La discussione in tal senso è stata ampia, sia in ambito accademico che politico, e negli ultimi anni ha portato a una accettazione dei fattori qualitativi per la ricerca di indicatori più sensibili a un reale benessere rispetto al PIL. In questa direzione le Nazioni Unite a marzo 2021 annunciano di aver adottato il nuovo sistema di contabilità SEEA EA (System of Environmental-Economic Accounting – Ecosystem Accounting) con l’idea di generare un PIL che include anche gli sforzi per affrontare le emergenze ambientali, come il cambiamento climatico e il declino della biodiversità. In sostanza l’Organizzazione delle Nazioni Unite prova a inserire nel Prodotto Interno Lordo delle nazioni anche un nuovo indicatore che possa comprendere sia i dati economici che quelli ambientali.
È arrivato finalmente il momento di allargare il concetto di benessere oltre alla ricchezza, puntando sui temi ambientali, sulla sostenibilità e sulle politiche ambientali dei Paesi.
L’ecologismo sistemico è quindi un agire per le generazioni future, prefigurando l’intervento nell’interesse del futuro di un apposito pubblico ministero per i beni comuni, che sono appunto il futuro presente, e che, proprio in virtù di questo futuro-presente, non sono nostri ma delle nuove generazioni e di tutte le specie e le vite.
È un agire qui e adesso perché pone come motore concettuale critico-dialettico: conservazione, libertà e progresso ponendo come punto di fuga centrale della sua prospettiva il problema del futuro. È un agire una rivalutazione dei fattori qualitativi del benessere (in opposizione al PIL che ormai da mezzo è divenuto un fine di per sé stesso) e della qualità della vita nel nome di un Essere che si pone il problema del che fare della propria vita e della vita altrui. È un agire all’interno di una narrazione bioculturale, ovvero nel rispetto di tutte le culture e di tutte le vite.

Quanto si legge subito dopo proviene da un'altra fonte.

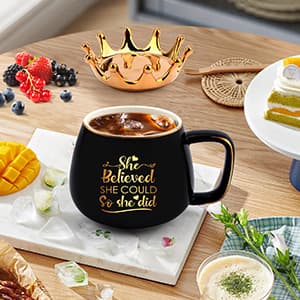 Graduation Gifts for Her, Congratulations Gifts for Women, High School Nurse College Graduation Gift Class of 2025 Friends Sisters, She Believed She Could So She Did Crown Cup Coffee Mug Inspirational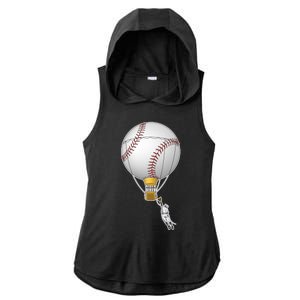 Funny Baseball Hot Air Balloon Baseball Catcher Ladies PosiCharge Tri-Blend Wicking Draft Hoodie Tank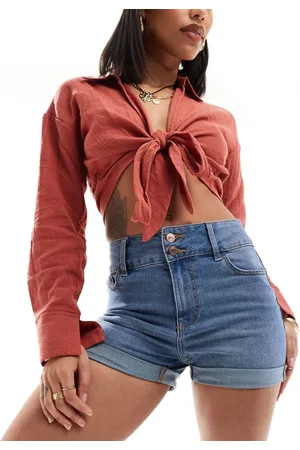 New Look Højtaljede denimshorts i -Sort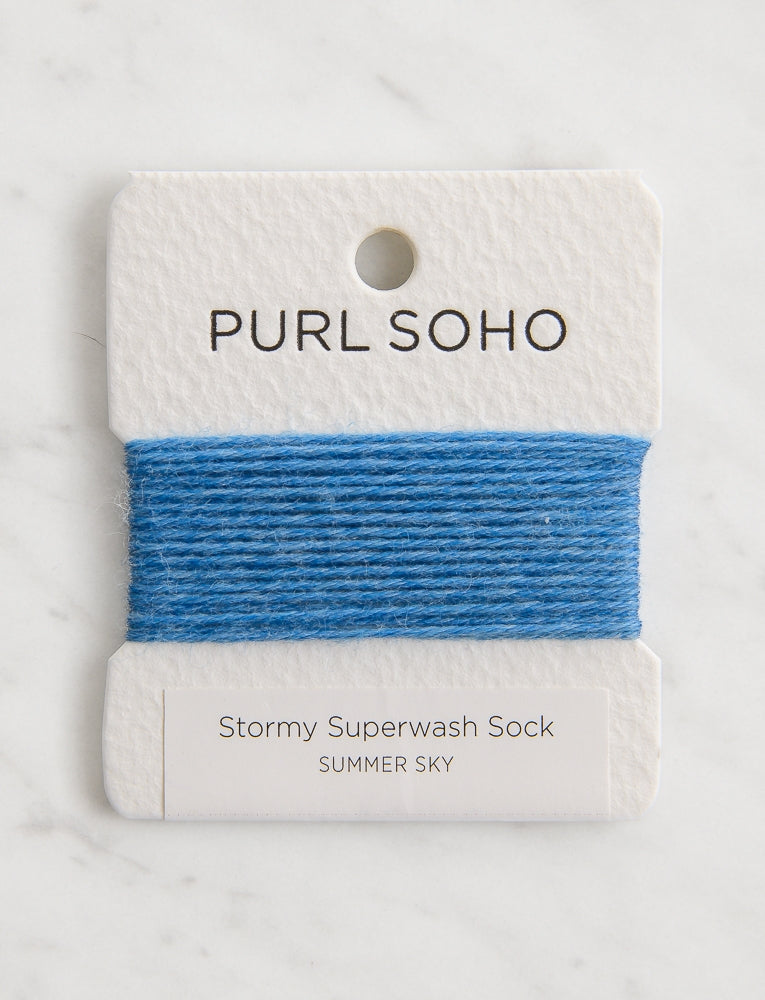 Stormy Superwash Sock Color Cards, Summer Sky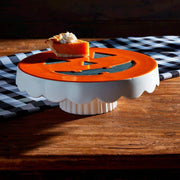 Mud Pie Jack O Lantern Pedestal/Reindeer Chip Server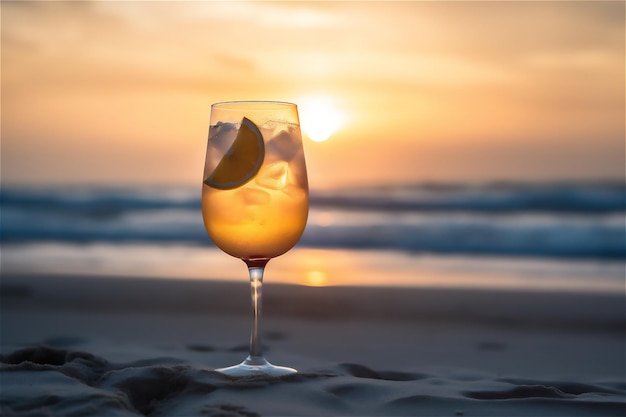 Cocktailglas met pittoreske zee achtergrond essentie van een zomervakantie generatieve ai
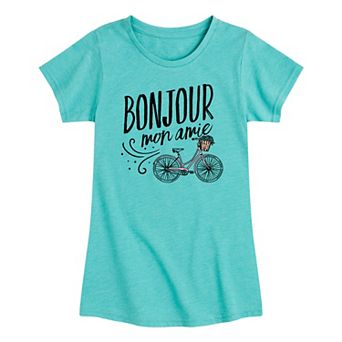 Girls 7-16 "Bonjour Mon Amie" Bike Graphic Tee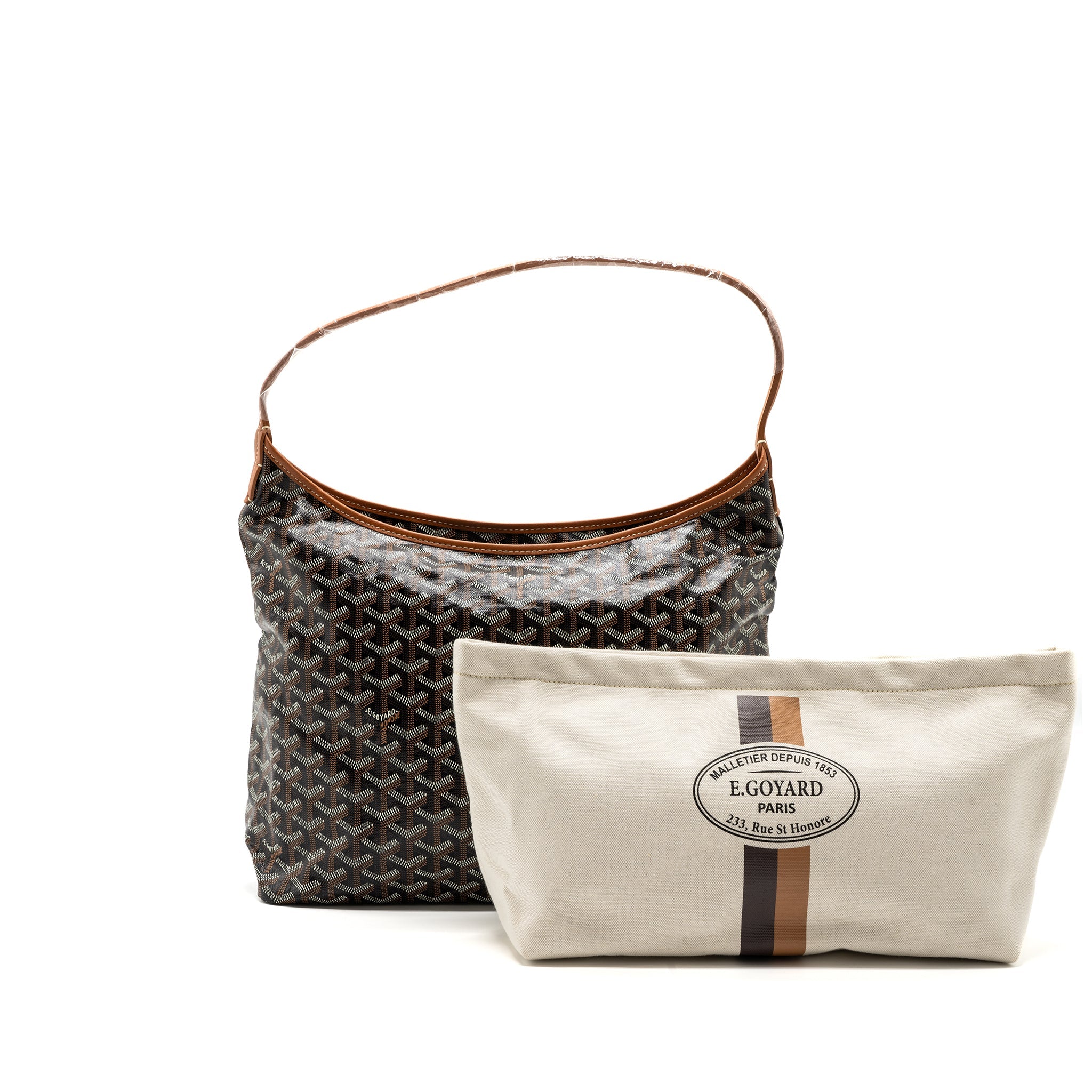goyard-boheme-hobo-bag-canvas-calfskin-black-tan-shw-with-necessaire-bag-ecru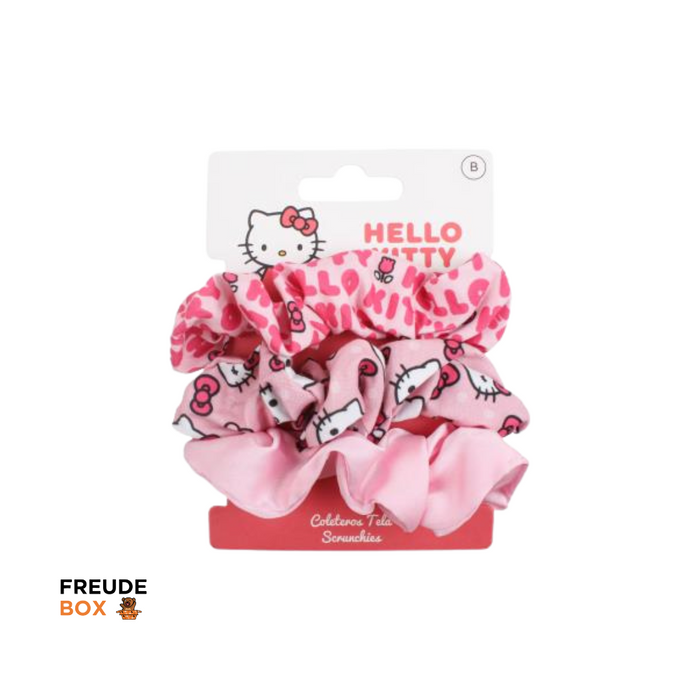 Hello Kitty - 3er Scrunchies (Haargummis)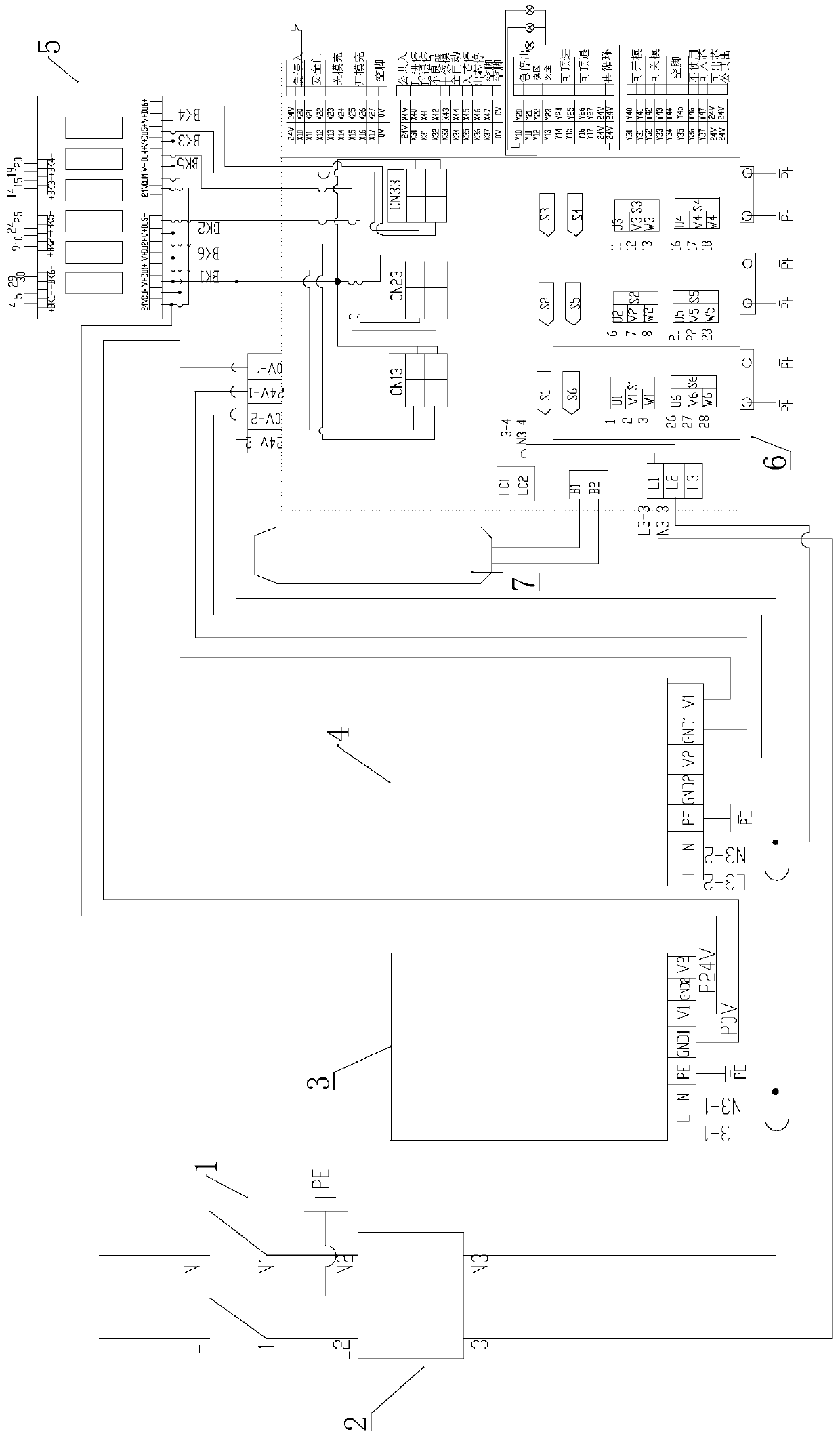 Six-axis drive and control integrated cabinet circuit structure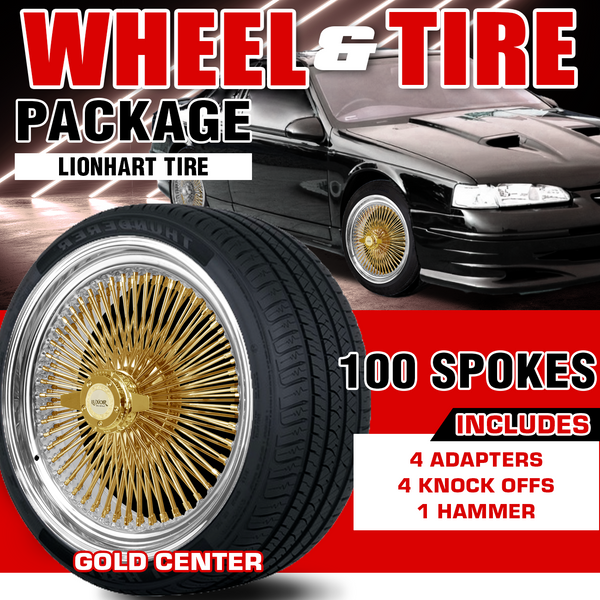 [SALE] 4PC 17x8 100 Straight Lace Standard Gold Center Wheel Set with Lionhart Tires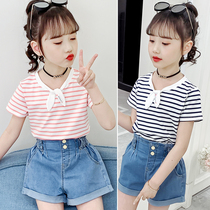 Girls short-sleeved T-shirt 2021 new summer clothes childrens middle and large children loose cotton top girls school style school uniform t tide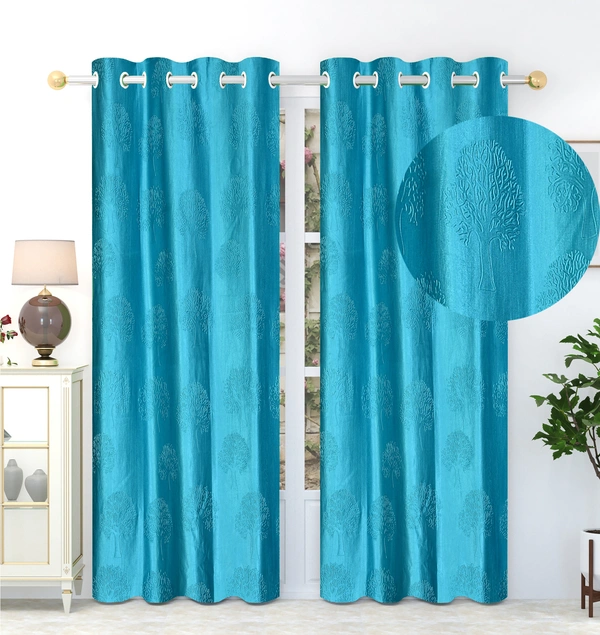 Panipat Textile Hub Polyester Eyelet  Aqua Designer Punch Print curtains Pack of 2 - Window (4x5 Feet)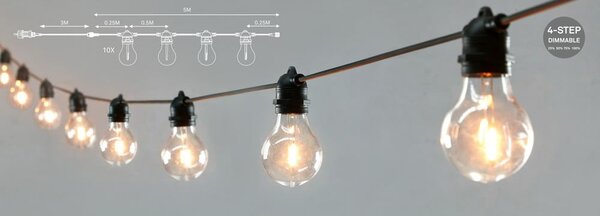 Světelný řetěz počet žárovek 10 ks délka 500 cm Link – Markslöjd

In conclusione l’ecologismo sistemico ponendo il problema del passato, visto come bene comune da salvaguardare, tutela il futuro. È un pensiero politico nuovo che è sia una reazione che un progresso; ovvero un gettare oltre lo sguardo, oltre la visione di una modernità novecentesca tutta imbevuta di progresso, tecnica e macchine, verso la necessità di proporre un nuovo immaginario culturale e di tutelare e salvaguardare il pianeta visto come casa comune di tutti gli esseri viventi.